Kubernetes Scheduler Cache System

The Foundation of Scheduling Decisions

Dec 07, 2025

This is part of a series of blog posts exploring the Kubernetes kube-scheduler from the perspective of someone who has dug deep into the codebase.

Introduction

Today, we are going to deep-dive into the kube-scheduler cache component, which maintains its view of the cluster state. This component is the state machine that tracks pods through their lifecycle, manages node information, and provides snapshots for scheduling decisions. Understanding how this works is crucial for anyone who wants to understand scheduler behavior or troubleshoot scheduling issues.

Why the Cache Exists

There is a reason why the scheduler cannot trust the network.

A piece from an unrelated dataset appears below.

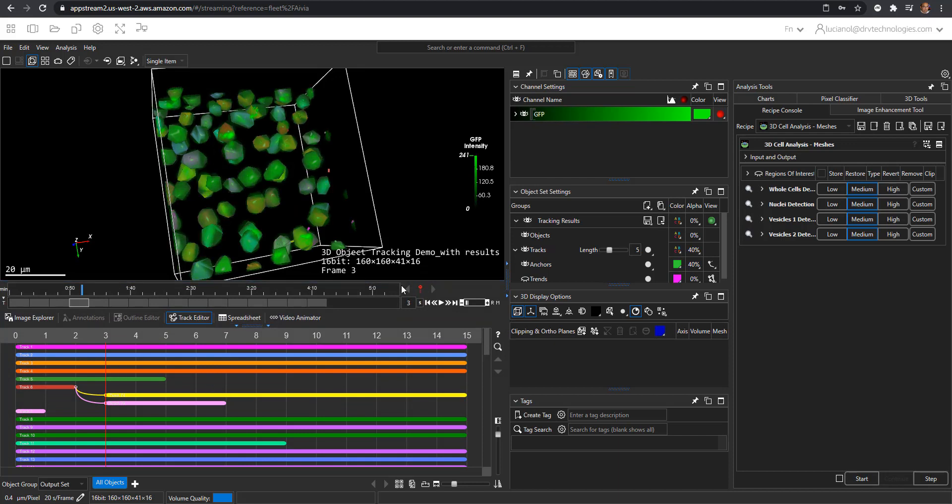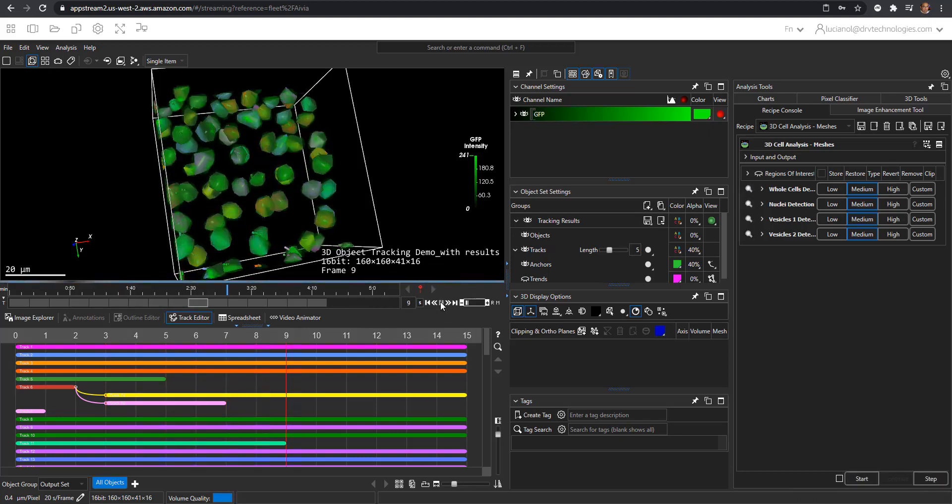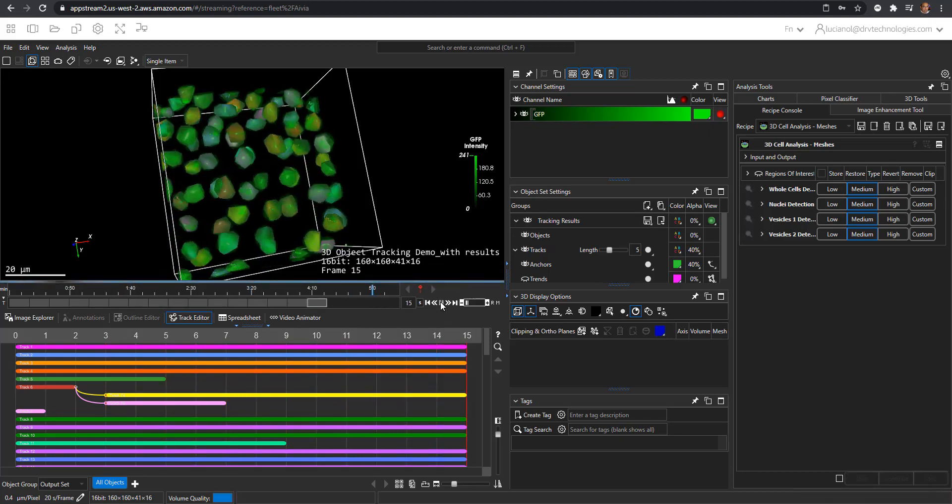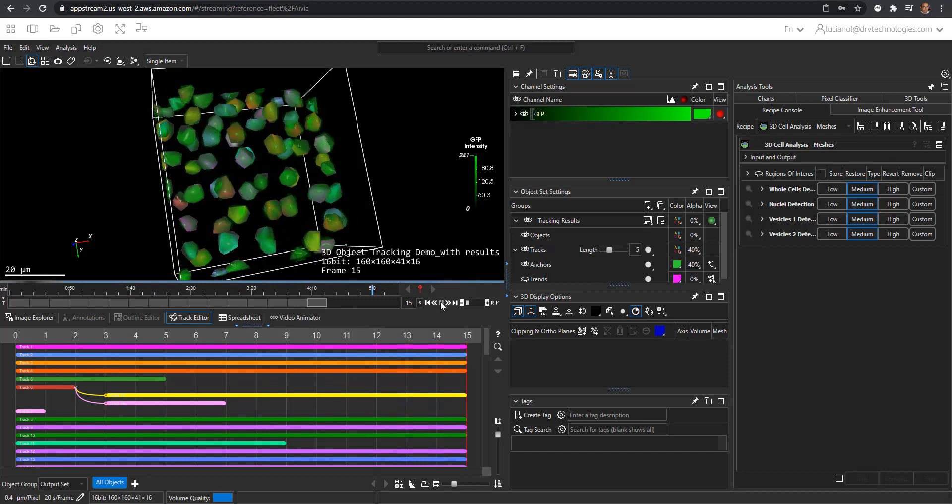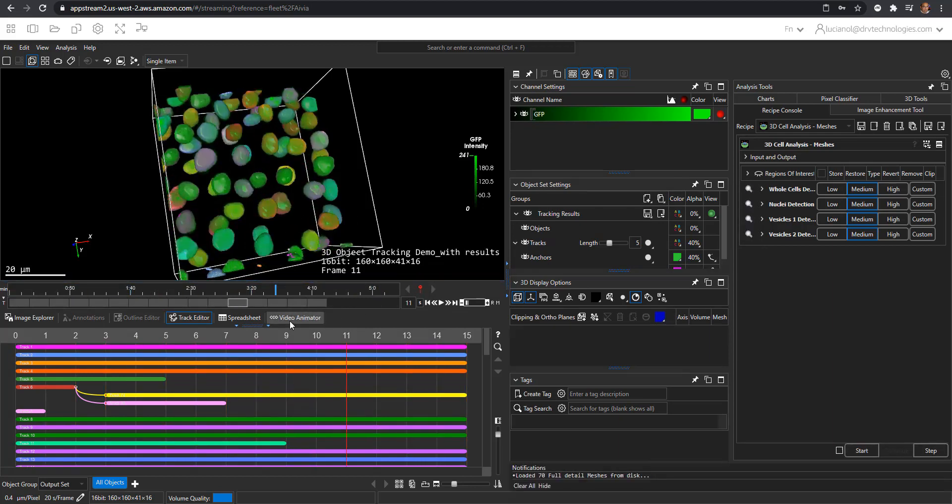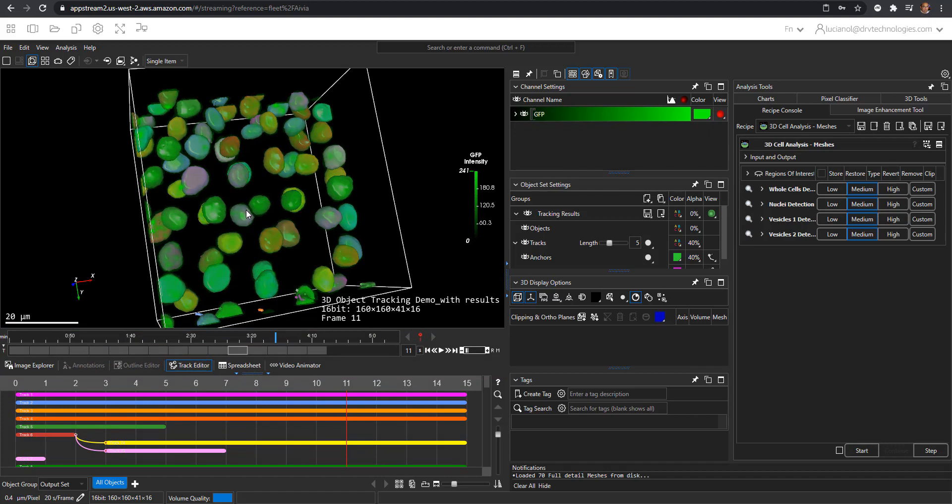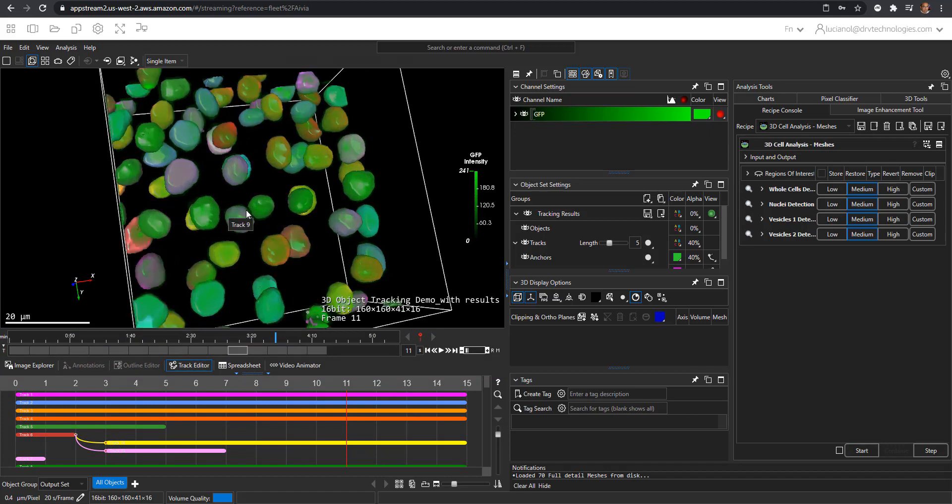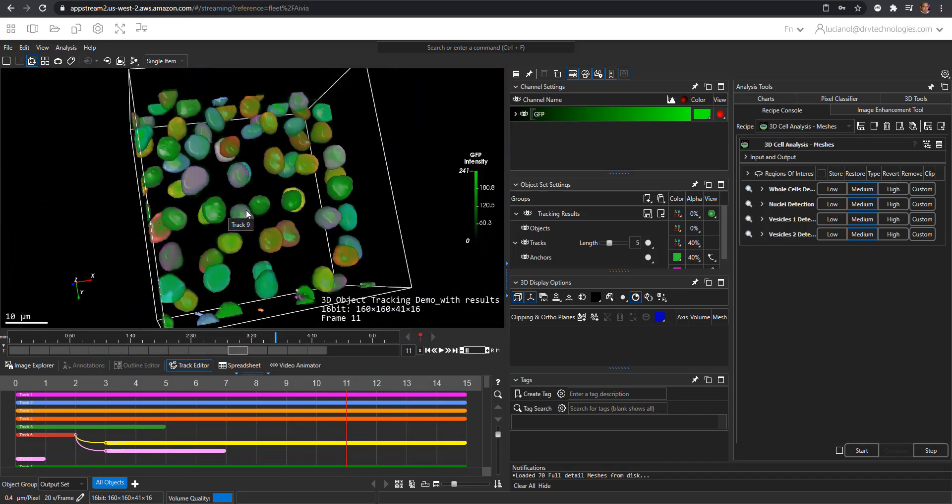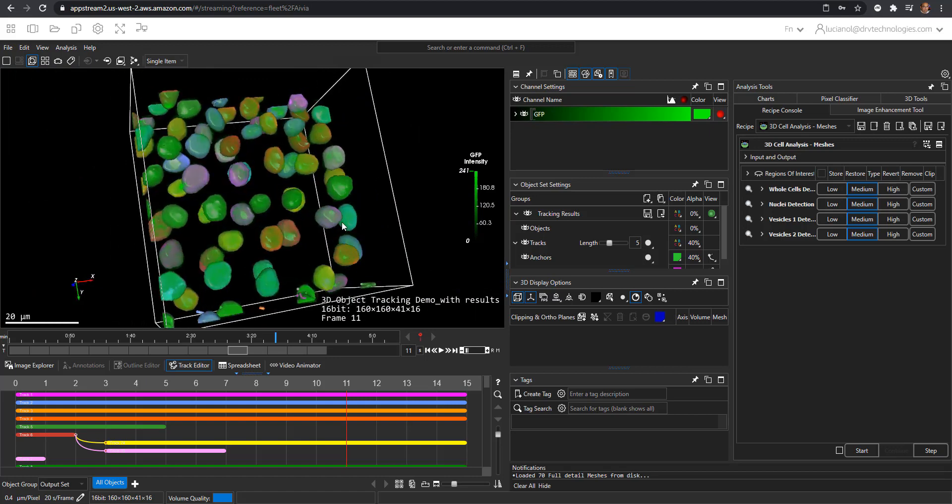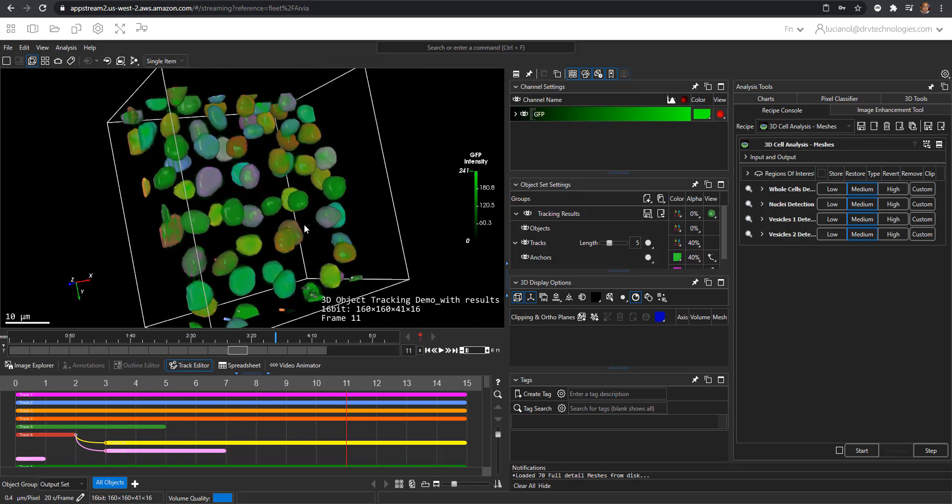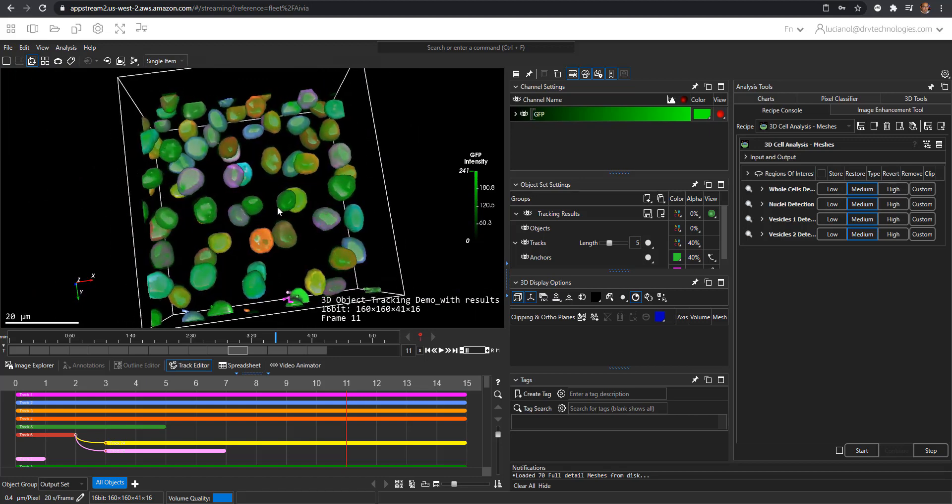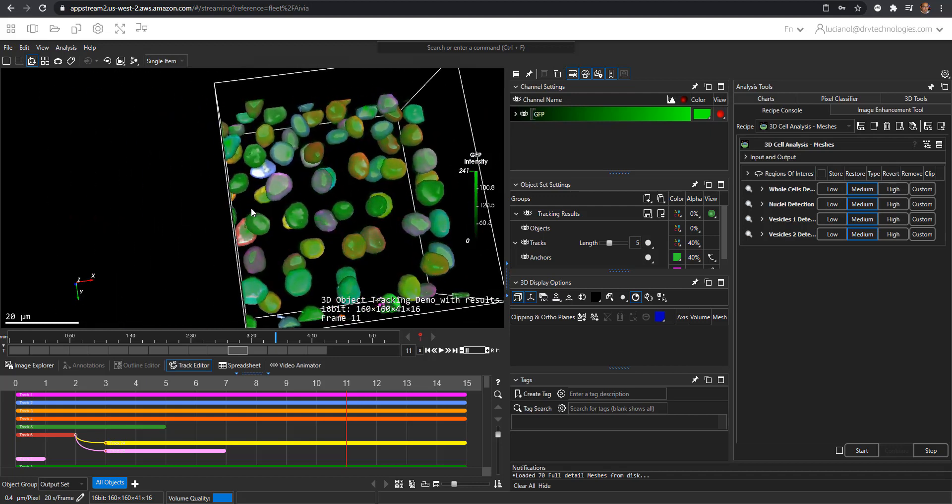You can play through the video with the play button. To zoom into the dataset, use the wheel to go forward or backward. To rotate, use left click on the mouse; to translate, use right click on the mouse.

When the scheduler decides that `pod X` fits on `node Y`, it sends a bind request to the API server, which then transmits it over the network and returns a confirmation. In a busy cluster, that round-trip might take hundreds of milliseconds.

So what does the scheduler do while waiting? The answer is documented in the code:

The scheduler receives pod and node events over the network via Kubernetes informers, which introduces several challenges:

The scheduler might not immediately be aware of changes.
The scheduler might miss intermediate state changes while retrieving updated lists.
The scheduler learns about the bind confirmation too late.

So, rather than waiting for API server confirmation, the scheduler assumes its decision will succeed and accounts for the resources. If this assumption is wrong, the cache has mechanisms to recover.

This is called optimistic scheduling, which the scheduler uses via the assumed-pod mechanism.

The Cache Architecture State Machine

The kube-scheduler cache is the scheduler’s reliable, up-to-date view of the cluster state, maintaining detailed information about nodes and pods to enable informed scheduling decisions without constantly querying the API server.

The cache stores the following key types of information:

NodeInfo: Detailed information about each node, including resources, labels, taints, and running pods.
PodInfo: Information about pods, including their resource requirements and constraints, now supports pod-level resource specifications (beta v1.34).
Assumed Pods: Pods that the scheduler optimistically believes will be bound to nodes.
Snapshot: A consistent view of the cluster state used for each scheduling attempt, ensuring all plugins see the same cluster state.
Dynamic Resource Allocation: Integration with DRA prioritized lists (beta v1.34).

The cache implements a state machine for pods, managing transitions from Initial → Assumed → Added → Deleted states, which is crucial for handling the asynchronous nature of pod binding.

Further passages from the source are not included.